What’s the Difference between a Primary Key and a Unique Key?

Both primary key and unique key enforce uniqueness of the column on which they are defined. But by default, the primary key creates a clustered index on the column, whereas unique key creates a non-clustered index by default. Another major difference is that primary key doesn’t allow NULLs, but unique key allows one NULL only. (Read more here)

What is Difference between DELETE and TRUNCATE Commands?

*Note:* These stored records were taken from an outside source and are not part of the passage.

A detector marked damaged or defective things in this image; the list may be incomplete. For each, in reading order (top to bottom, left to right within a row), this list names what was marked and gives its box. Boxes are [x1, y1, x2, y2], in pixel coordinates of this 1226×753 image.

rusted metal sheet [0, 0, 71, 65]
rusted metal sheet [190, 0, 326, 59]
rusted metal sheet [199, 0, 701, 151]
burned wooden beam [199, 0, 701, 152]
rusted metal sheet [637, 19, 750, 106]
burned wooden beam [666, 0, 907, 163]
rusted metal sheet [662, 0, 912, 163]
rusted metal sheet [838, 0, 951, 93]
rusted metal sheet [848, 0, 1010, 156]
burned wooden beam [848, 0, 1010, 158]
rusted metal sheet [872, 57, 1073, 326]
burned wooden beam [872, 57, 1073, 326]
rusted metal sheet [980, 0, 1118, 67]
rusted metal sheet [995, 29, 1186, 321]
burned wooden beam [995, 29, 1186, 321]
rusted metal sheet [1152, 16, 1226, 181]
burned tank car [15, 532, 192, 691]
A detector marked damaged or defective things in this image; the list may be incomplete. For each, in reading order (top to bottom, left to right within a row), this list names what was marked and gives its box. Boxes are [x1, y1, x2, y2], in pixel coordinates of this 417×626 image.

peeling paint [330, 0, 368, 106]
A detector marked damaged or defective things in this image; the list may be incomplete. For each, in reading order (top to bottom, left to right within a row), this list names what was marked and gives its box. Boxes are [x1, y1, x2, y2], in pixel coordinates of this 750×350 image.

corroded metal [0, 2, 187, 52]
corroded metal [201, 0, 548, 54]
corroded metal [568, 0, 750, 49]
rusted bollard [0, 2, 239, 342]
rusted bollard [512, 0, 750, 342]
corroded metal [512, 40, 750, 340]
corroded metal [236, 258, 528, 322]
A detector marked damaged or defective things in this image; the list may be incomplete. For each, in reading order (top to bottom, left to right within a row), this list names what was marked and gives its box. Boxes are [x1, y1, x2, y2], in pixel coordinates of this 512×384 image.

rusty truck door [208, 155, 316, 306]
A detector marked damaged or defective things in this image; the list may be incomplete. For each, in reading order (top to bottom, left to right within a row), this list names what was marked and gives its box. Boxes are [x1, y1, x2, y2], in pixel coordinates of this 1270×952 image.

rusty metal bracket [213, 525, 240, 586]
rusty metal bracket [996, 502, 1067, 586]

Delete command removes the rows from a table on the basis of the condition that we provide with a WHERE clause. Truncate will actually remove all the rows from a table, and there will be no data in the table after we run the truncate command.

TRUNCATE

  • TRUNCATE is faster and uses fewer system and transaction log resources than DELETE. (Read all the points below)
  • TRUNCATE removes the data by deallocating the data pages used to store the table’s data, and only the page deallocations are recorded in the transaction log.
  • TRUNCATE removes all the rows from a table, but the table structure, its columns, constraints, indexes and so on remains. The counter used by an identity for new rows is reset to the seed for the column.
  • You cannot use TRUNCATE TABLE on a table referenced by a FOREIGN KEY constraint.
  • Using T-SQL – TRUNCATE cannot be rolled back unless it is used in TRANSACTION. OR TRUNCATE can be rolled back when used with BEGIN … END TRANSACTION using T-SQL.
  • TRUNCATE is a DDL Command.
  • TRUNCATE resets the identity of the table.

DELETE

  • DELETE removes rows one at a time and records an entry in the transaction log for each deleted row.
  • DELETE does not reset Identity property of the table.
  • DELETE can be used with or without a WHERE clause
  • DELETE activates Triggers if defined on table.
  • DELETE can be rolled back.
  • DELETE is DML Command.
  • DELETE does not reset the identity of the table.

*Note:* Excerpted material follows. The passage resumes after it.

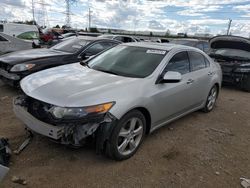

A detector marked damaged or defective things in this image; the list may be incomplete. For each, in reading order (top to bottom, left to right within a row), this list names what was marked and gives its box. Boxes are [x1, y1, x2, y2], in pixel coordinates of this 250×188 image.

damaged front bumper [14, 95, 117, 148]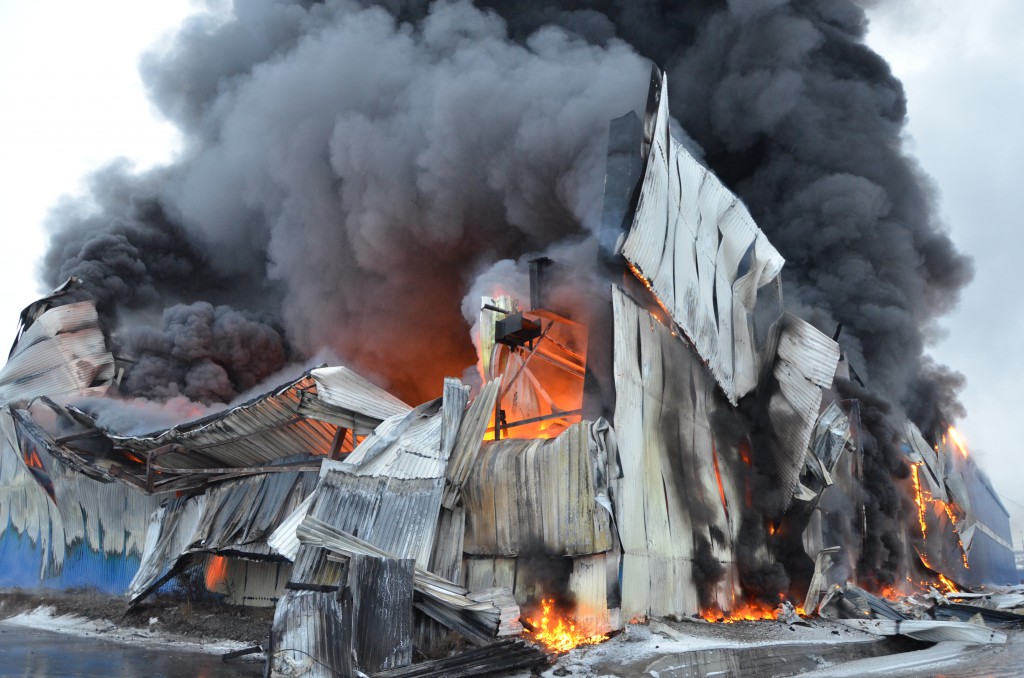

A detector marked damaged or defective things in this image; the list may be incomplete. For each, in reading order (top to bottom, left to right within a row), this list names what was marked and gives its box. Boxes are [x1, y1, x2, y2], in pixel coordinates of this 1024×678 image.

warped cladding [624, 74, 784, 406]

What are Different Types of Locks?

  • Shared Locks: Used for operations that do not change or update data (read-only operations), such as a SELECT statement.
  • Update Locks: Used on resources that can be updated. It prevents a common form of deadlock that occurs when multiple sessions are reading, locking, and potentially updating resources later.
  • Exclusive Locks: Used for data-modification operations, such as INSERT, UPDATE, or DELETE. It ensures that multiple updates cannot be made to the same resource at the same time.
  • Intent Locks: Used to establish a lock hierarchy. The types of intent locks are as follows: intent shared (IS), intent exclusive (IX), and shared with intent exclusive (SIX).
  • Schema Locks: Used when an operation dependent on the schema of a table is executing. The types of schema locks are schema modification (Sch-M) and schema stability (Sch-S).
  • Bulk Update Locks: Used when bulk-copying data into a table and the TABLOCK hint is specified.

What are Pessimistic Lock and Optimistic Lock?

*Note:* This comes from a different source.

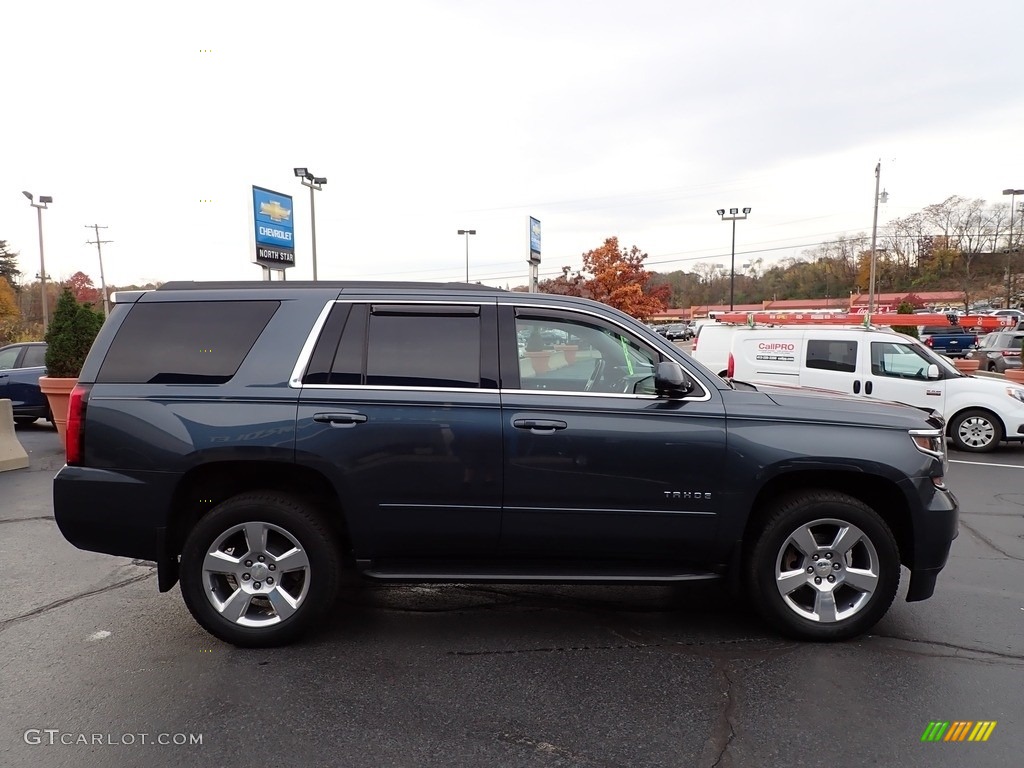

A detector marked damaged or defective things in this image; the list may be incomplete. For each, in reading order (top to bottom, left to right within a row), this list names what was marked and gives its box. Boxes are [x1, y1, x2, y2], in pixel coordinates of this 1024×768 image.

pavement crack [958, 520, 1024, 561]
pavement crack [0, 569, 153, 634]
pavement crack [704, 663, 737, 768]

Optimistic Locking is a strategy where you read a record, take note of a version number and check that the version hasn’t changed before you write the record back. If the record is dirty (i.e. different version to yours), then you abort the transaction and the user can re-start it.

Pessimistic Locking is when you lock the record for your exclusive use until you have finished with it. It has much better integrity than optimistic locking but requires you to be careful with your application design to avoid Deadlocks.

When is the use of UPDATE_STATISTICS command?

This command is basically used when a large amount of data is processed. If a large amount of deletions, modifications or Bulk Copy into the tables has occurred, it has to update the indexes to take these changes into account. UPDATE_STATISTICS updates the indexes on these tables accordingly.

What is the Difference between a HAVING clause and a WHERE clause?

They specify a search condition for a group or an aggregate. But the difference is that HAVING can be used only with the SELECT statement. HAVING is typically used in a GROUP BY clause. When GROUP BY is not used, HAVING behaves like a WHERE clause. Having Clause is basically used only with the GROUP BY function in a query, whereas WHERE Clause is applied to each row before they are part of the GROUP BY function in a query. (Read more here)

What is Connection Pooling and why it is Used?

To minimize the cost of opening and closing connections, ADO.NET uses an optimization technique called connection pooling.

The pooler maintains ownership of the physical connection. It manages connections by keeping alive a set of active connections for each given connection configuration. Whenever a user calls Open on a connection, the pooler looks for an available connection in the pool. If a pooled connection is available, it returns it to the caller instead of opening a new connection. When the application calls Close on the connection, the pooler returns it to the pooled set of active connections instead of closing it. Once the connection is returned to the pool, it is ready to be reused on the next Open call.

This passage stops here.